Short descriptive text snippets
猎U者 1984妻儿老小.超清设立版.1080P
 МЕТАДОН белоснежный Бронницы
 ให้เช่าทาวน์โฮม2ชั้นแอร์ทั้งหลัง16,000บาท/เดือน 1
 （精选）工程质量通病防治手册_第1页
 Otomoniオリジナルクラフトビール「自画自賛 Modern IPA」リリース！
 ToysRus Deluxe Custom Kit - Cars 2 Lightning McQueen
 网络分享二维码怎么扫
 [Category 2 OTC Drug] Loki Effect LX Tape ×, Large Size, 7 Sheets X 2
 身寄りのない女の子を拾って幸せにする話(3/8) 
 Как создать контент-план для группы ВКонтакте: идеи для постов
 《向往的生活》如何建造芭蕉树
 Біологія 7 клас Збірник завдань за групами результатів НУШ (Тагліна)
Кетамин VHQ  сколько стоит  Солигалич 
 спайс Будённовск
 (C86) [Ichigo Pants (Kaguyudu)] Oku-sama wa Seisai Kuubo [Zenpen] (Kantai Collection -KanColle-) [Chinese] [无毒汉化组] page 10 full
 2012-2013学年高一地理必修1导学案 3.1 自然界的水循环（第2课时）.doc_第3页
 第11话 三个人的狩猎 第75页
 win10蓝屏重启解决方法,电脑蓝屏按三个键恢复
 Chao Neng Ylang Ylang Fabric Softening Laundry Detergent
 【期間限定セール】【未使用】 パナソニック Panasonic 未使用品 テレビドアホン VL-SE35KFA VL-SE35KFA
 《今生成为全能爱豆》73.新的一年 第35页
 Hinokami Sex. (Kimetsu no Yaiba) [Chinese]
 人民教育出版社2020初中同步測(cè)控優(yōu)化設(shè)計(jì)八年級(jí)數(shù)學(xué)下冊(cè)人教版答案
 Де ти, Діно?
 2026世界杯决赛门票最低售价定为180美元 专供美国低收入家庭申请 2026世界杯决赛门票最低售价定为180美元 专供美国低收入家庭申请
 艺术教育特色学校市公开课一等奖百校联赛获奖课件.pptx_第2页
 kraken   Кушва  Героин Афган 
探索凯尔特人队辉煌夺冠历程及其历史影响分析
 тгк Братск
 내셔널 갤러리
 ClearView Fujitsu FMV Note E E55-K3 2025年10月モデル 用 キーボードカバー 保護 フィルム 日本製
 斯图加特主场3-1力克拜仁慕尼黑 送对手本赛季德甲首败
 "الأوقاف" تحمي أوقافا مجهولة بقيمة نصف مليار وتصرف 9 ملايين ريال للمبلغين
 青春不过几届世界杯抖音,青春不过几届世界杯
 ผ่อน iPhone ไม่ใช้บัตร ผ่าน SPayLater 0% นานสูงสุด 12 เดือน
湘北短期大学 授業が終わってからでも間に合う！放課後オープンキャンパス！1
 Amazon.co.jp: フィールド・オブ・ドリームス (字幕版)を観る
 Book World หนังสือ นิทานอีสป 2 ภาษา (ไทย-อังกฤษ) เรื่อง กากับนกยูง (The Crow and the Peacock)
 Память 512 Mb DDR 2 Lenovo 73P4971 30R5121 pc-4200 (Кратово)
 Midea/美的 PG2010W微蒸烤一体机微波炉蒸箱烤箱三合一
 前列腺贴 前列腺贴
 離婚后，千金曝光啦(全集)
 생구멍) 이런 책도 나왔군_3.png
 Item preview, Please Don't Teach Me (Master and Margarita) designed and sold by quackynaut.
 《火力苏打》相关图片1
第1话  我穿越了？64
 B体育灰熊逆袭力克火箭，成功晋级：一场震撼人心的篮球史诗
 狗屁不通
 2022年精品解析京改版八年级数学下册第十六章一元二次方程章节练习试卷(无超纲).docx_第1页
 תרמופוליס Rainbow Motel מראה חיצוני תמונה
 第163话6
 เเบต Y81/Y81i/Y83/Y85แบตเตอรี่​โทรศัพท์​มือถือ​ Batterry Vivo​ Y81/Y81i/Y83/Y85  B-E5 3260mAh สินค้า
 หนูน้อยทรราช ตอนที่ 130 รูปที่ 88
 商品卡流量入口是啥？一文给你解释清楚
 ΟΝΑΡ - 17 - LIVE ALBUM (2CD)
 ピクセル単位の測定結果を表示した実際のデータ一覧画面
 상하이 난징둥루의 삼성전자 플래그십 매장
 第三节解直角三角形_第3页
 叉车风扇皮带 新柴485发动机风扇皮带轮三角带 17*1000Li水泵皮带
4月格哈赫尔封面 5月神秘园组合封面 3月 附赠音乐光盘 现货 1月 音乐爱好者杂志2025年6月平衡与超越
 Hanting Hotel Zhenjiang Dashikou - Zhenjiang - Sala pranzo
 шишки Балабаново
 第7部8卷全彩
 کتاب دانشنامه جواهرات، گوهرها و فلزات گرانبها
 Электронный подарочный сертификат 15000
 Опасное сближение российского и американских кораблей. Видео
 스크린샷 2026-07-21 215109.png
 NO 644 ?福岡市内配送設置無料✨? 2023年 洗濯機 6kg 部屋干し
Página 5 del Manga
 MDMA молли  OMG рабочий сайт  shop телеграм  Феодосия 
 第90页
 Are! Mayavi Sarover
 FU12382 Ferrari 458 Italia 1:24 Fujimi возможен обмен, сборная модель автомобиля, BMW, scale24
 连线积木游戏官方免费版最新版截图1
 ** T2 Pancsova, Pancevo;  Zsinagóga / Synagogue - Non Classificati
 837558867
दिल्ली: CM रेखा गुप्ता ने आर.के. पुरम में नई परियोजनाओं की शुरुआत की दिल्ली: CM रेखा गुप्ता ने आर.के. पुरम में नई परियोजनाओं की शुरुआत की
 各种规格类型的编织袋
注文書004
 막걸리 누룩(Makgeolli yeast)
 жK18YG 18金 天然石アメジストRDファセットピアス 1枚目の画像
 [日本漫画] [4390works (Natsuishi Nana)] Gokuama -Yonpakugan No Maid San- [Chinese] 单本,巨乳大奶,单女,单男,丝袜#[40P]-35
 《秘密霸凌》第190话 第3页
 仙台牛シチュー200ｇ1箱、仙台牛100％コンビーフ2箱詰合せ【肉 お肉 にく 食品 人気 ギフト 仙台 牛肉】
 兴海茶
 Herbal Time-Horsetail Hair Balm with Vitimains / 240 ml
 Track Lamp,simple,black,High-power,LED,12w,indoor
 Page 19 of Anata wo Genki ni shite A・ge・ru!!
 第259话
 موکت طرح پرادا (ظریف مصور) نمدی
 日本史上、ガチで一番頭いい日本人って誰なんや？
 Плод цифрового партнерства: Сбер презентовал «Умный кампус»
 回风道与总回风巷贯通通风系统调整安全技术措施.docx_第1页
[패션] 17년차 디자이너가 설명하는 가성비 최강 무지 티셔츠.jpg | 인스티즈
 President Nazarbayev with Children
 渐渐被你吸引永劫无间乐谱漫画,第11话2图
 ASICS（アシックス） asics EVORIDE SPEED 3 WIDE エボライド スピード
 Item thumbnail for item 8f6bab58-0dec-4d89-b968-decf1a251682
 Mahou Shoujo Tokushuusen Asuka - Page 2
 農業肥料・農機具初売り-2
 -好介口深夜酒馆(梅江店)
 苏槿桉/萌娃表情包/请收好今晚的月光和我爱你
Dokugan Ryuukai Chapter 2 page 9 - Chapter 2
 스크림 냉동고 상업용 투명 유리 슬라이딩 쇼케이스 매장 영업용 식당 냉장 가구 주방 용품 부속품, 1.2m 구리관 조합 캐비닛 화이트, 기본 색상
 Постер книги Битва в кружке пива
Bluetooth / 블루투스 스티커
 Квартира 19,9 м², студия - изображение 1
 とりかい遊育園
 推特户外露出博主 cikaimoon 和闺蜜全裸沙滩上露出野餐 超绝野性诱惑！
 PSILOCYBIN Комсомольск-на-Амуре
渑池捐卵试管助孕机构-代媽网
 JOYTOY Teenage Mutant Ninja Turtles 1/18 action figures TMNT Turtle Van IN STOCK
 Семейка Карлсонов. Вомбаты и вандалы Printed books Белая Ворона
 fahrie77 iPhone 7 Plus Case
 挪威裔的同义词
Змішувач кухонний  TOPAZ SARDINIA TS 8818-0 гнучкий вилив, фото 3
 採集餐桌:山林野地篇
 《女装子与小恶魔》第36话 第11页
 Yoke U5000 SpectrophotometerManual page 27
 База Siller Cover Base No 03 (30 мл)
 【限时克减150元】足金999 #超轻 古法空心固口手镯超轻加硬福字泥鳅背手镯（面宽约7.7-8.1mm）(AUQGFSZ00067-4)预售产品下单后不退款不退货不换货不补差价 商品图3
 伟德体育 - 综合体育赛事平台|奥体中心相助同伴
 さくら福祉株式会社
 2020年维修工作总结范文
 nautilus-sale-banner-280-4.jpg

• [Directions for this task]
Beginning at the line that holds "Yoke U5000 SpectrophotometerManual page 27", write out word for word each line through the end of the records.

• [Solved problem]
 Yoke U5000 SpectrophotometerManual page 27
 База Siller Cover Base No 03 (30 мл)
 【限时克减150元】足金999 #超轻 古法空心固口手镯超轻加硬福字泥鳅背手镯（面宽约7.7-8.1mm）(AUQGFSZ00067-4)预售产品下单后不退款不退货不换货不补差价 商品图3
 伟德体育 - 综合体育赛事平台|奥体中心相助同伴
 さくら福祉株式会社
 2020年维修工作总结范文
 nautilus-sale-banner-280-4.jpg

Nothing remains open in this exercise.